• **YOUR INSTRUCTIONS**
Begin at the line containing "Casa térrea com" and reproduce every line through the end of the entries below. Nothing else should appear.

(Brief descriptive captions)
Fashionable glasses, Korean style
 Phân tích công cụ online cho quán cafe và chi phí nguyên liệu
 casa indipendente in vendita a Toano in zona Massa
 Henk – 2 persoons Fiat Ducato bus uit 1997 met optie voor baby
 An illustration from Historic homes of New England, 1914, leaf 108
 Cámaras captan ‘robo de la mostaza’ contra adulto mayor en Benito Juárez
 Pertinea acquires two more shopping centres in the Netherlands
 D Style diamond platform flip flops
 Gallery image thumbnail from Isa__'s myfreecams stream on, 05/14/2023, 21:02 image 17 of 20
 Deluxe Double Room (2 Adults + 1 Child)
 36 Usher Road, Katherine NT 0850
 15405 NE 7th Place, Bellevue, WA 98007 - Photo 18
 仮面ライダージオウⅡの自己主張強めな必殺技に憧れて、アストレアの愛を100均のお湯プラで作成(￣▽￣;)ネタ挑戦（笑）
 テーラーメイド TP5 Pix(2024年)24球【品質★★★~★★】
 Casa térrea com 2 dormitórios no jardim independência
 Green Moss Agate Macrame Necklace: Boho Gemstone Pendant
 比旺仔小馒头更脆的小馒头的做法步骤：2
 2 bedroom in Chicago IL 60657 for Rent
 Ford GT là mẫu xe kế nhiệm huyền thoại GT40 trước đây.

• **THE ANSWER**
 Casa térrea com 2 dormitórios no jardim independência
 Green Moss Agate Macrame Necklace: Boho Gemstone Pendant
 比旺仔小馒头更脆的小馒头的做法步骤：2
 2 bedroom in Chicago IL 60657 for Rent
 Ford GT là mẫu xe kế nhiệm huyền thoại GT40 trước đây.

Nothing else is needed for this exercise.